─── Data extracts
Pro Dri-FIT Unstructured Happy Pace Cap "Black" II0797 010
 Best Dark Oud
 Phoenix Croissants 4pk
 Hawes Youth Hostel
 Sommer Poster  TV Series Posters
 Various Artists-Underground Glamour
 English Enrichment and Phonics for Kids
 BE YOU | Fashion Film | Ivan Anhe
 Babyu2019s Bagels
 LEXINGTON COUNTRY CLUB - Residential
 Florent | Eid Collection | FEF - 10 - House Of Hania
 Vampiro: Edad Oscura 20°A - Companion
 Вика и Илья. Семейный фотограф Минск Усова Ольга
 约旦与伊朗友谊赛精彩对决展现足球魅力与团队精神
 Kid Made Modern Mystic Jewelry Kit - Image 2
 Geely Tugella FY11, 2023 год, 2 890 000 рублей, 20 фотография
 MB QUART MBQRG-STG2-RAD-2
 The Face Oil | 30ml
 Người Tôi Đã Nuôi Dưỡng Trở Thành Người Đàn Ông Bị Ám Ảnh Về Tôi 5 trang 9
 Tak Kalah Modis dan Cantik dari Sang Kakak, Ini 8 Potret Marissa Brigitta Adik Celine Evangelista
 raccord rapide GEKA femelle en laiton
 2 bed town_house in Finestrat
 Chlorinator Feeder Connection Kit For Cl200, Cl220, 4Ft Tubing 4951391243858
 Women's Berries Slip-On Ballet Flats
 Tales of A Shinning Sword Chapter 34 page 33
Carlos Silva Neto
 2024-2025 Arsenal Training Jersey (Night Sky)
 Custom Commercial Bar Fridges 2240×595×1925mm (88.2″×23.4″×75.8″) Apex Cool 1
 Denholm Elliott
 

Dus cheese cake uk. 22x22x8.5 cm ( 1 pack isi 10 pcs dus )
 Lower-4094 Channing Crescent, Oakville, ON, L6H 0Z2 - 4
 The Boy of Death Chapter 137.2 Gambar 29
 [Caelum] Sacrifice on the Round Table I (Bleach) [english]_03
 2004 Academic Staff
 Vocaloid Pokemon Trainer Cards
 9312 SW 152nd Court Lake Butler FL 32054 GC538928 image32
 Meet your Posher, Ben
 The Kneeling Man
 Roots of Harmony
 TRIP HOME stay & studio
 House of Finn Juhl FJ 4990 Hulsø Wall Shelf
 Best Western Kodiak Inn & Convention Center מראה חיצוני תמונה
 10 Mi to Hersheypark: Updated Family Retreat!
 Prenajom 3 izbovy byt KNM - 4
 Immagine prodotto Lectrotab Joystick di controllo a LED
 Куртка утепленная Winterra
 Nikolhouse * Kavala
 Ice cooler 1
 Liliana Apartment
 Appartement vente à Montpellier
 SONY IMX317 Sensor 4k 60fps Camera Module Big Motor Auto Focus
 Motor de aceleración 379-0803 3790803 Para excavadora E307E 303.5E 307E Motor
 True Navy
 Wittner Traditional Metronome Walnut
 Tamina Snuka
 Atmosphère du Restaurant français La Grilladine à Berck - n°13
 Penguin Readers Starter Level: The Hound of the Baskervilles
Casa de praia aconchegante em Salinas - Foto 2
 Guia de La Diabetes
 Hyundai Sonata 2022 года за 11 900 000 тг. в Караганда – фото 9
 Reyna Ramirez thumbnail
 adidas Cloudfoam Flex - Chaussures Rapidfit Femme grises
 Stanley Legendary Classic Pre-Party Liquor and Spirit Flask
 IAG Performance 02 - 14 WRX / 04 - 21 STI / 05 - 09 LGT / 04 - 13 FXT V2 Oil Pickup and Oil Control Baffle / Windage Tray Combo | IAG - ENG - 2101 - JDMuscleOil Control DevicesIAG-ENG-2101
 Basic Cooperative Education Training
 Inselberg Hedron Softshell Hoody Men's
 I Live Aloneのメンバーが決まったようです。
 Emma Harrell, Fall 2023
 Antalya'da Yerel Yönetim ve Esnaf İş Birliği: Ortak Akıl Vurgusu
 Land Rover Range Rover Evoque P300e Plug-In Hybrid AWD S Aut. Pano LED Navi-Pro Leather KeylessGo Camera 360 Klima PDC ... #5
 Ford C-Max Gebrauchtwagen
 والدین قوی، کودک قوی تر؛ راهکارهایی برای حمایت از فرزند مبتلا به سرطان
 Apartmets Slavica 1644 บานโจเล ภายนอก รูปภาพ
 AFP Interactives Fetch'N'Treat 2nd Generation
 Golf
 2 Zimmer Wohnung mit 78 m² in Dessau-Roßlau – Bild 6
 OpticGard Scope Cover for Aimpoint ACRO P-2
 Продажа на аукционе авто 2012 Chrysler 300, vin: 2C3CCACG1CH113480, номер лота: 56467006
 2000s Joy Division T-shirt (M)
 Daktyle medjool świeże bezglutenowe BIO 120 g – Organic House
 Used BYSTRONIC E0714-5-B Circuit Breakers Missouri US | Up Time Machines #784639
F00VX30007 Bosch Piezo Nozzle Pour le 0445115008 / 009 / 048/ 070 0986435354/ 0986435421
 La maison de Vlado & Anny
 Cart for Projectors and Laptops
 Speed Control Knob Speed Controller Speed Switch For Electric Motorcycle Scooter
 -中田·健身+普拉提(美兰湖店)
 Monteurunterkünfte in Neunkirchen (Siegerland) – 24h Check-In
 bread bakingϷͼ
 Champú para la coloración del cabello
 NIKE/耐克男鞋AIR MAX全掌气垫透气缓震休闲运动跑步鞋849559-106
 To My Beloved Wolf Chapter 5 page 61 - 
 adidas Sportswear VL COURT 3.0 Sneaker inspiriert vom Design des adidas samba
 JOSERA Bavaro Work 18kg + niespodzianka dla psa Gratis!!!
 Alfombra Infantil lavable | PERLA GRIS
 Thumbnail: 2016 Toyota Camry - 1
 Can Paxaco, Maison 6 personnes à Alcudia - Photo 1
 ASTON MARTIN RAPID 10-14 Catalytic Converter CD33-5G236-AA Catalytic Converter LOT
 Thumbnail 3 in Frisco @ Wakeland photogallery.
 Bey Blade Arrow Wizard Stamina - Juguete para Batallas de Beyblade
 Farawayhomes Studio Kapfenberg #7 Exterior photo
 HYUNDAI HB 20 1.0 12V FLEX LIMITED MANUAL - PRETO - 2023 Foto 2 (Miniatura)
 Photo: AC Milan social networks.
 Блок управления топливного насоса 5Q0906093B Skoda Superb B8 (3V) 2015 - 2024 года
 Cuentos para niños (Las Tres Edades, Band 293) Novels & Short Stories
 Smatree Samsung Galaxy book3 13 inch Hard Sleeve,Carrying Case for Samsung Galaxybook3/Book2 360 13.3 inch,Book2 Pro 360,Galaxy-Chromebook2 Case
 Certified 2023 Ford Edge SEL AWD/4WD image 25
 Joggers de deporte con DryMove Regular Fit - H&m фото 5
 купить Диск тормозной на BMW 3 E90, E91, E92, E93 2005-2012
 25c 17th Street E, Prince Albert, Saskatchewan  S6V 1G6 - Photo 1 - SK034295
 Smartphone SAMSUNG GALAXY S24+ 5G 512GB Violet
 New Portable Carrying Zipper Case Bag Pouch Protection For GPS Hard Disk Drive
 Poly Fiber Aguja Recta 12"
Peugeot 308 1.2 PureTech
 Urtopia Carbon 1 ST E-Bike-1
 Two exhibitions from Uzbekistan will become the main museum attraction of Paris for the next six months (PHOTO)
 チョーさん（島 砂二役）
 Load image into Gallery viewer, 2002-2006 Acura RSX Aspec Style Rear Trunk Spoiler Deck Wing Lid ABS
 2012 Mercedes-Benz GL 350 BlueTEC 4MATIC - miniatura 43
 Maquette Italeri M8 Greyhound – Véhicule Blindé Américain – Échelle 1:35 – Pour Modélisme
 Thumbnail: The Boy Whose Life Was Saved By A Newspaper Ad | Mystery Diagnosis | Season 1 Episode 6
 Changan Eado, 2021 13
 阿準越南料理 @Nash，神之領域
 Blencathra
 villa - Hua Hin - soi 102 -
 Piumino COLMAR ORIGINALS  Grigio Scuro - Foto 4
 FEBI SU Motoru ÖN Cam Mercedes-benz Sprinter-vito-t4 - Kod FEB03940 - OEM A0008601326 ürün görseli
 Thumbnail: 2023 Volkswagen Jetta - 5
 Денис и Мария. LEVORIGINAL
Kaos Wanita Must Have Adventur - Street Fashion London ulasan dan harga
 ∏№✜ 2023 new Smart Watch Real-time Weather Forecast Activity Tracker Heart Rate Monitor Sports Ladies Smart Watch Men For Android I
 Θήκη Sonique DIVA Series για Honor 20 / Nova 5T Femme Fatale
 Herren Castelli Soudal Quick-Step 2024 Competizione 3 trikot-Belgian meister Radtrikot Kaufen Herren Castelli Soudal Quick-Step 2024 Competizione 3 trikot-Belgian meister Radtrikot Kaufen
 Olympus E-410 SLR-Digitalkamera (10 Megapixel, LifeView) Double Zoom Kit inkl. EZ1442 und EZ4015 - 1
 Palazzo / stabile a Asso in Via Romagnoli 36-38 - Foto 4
──────
Task to complete: Only the lines above from the one with "Tales of A Shinning Sword Chapter 34 page 33" through the one with "The Boy of Death Chapter 137.2 Gambar 29" should be duplicated, character for character.

Solution for this task:
 Tales of A Shinning Sword Chapter 34 page 33
Carlos Silva Neto
 2024-2025 Arsenal Training Jersey (Night Sky)
 Custom Commercial Bar Fridges 2240×595×1925mm (88.2″×23.4″×75.8″) Apex Cool 1
 Denholm Elliott
 

Dus cheese cake uk. 22x22x8.5 cm ( 1 pack isi 10 pcs dus )
 Lower-4094 Channing Crescent, Oakville, ON, L6H 0Z2 - 4
 The Boy of Death Chapter 137.2 Gambar 29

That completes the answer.